Problem to work on
Write out, word for word, every line in the data below from the one containing "RAV4 2013 Special" to the one containing "Renault KANGOO 2018-09 7732-19", both of them included.

Data for this task

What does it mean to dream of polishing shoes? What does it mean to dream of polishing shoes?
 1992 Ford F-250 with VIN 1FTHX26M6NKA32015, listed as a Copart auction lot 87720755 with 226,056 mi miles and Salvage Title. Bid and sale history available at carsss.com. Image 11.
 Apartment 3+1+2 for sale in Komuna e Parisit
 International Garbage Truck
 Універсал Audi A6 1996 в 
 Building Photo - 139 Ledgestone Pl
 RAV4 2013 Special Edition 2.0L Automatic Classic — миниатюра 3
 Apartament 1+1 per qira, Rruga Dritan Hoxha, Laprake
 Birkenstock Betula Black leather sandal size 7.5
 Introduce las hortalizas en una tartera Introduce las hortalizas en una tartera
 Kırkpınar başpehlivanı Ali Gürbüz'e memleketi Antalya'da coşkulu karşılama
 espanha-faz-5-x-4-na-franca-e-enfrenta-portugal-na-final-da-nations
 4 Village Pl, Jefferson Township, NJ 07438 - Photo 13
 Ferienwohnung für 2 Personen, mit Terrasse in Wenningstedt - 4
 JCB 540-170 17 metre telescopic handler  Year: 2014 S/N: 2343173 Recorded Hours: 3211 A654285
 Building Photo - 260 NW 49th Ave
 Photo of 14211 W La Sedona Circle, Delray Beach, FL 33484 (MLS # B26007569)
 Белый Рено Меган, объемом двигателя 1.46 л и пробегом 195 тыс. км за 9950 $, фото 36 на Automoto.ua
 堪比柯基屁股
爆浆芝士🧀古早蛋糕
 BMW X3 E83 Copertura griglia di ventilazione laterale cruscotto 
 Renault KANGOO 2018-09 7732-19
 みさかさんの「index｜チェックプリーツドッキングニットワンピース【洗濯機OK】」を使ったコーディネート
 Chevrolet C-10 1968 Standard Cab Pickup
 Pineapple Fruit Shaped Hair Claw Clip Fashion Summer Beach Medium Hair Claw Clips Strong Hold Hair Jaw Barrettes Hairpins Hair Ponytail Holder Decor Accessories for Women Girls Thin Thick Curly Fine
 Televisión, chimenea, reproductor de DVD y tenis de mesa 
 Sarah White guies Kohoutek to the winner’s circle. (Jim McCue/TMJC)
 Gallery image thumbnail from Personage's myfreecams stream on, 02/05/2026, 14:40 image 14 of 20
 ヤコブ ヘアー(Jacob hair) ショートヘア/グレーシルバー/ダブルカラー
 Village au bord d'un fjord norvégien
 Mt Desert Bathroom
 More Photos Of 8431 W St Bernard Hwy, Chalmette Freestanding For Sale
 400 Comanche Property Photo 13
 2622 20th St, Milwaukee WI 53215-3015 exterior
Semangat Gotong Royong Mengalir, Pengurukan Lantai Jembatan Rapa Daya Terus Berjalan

Completed task
 RAV4 2013 Special Edition 2.0L Automatic Classic — миниатюра 3
 Apartament 1+1 per qira, Rruga Dritan Hoxha, Laprake
 Birkenstock Betula Black leather sandal size 7.5
 Introduce las hortalizas en una tartera Introduce las hortalizas en una tartera
 Kırkpınar başpehlivanı Ali Gürbüz'e memleketi Antalya'da coşkulu karşılama
 espanha-faz-5-x-4-na-franca-e-enfrenta-portugal-na-final-da-nations
 4 Village Pl, Jefferson Township, NJ 07438 - Photo 13
 Ferienwohnung für 2 Personen, mit Terrasse in Wenningstedt - 4
 JCB 540-170 17 metre telescopic handler  Year: 2014 S/N: 2343173 Recorded Hours: 3211 A654285
 Building Photo - 260 NW 49th Ave
 Photo of 14211 W La Sedona Circle, Delray Beach, FL 33484 (MLS # B26007569)
 Белый Рено Меган, объемом двигателя 1.46 л и пробегом 195 тыс. км за 9950 $, фото 36 на Automoto.ua
 堪比柯基屁股
爆浆芝士🧀古早蛋糕
 BMW X3 E83 Copertura griglia di ventilazione laterale cruscotto 
 Renault KANGOO 2018-09 7732-19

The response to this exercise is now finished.